[Opening DATA BLOCK section]
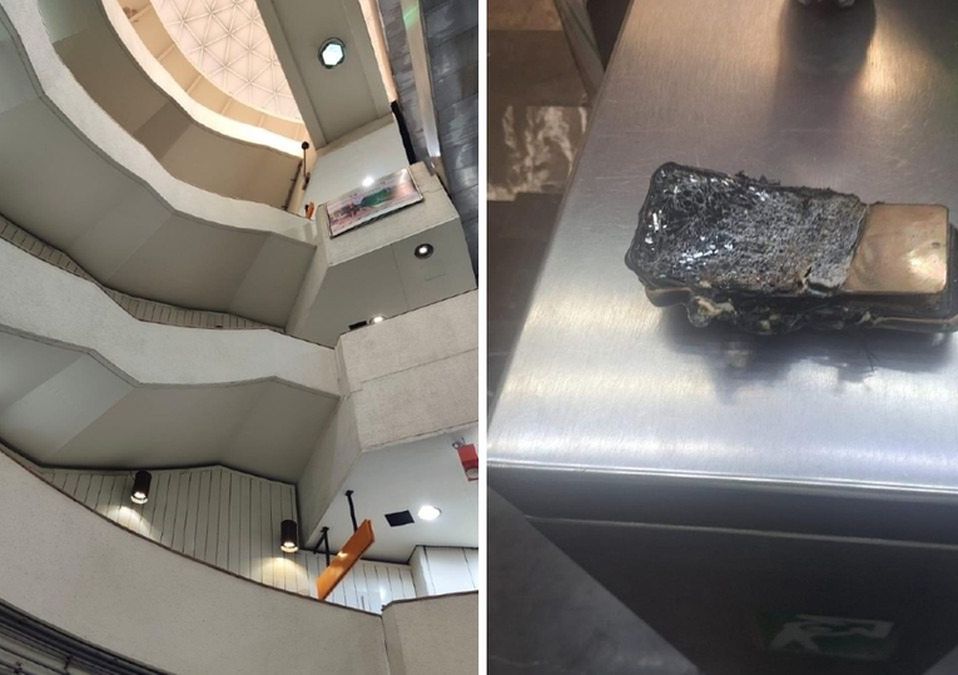El hombre cayó por las escaleras tras la aparente explosión del celular | X @Gposiadeoficial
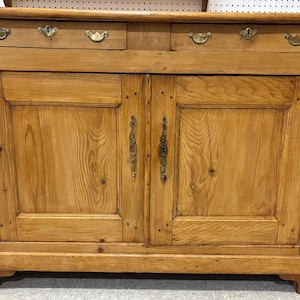 English Pine Pegged Sideboard; 19th Century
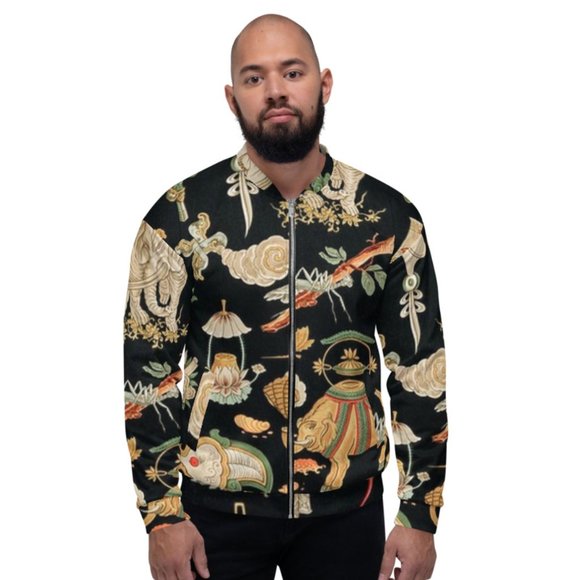 Chinese Pattern  Polychrome Ornement Vintage Art Unisex Bomber Jackets. - Picture 1 of 10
[Closing DATA BLOCK section]
WORK TASK
Once the pictures are removed, copy the material above exactly.

ANSWER TO THE EXERCISE
El hombre cayó por las escaleras tras la aparente explosión del celular | X @Gposiadeoficial
 English Pine Pegged Sideboard; 19th Century
 Chinese Pattern  Polychrome Ornement Vintage Art Unisex Bomber Jackets. - Picture 1 of 10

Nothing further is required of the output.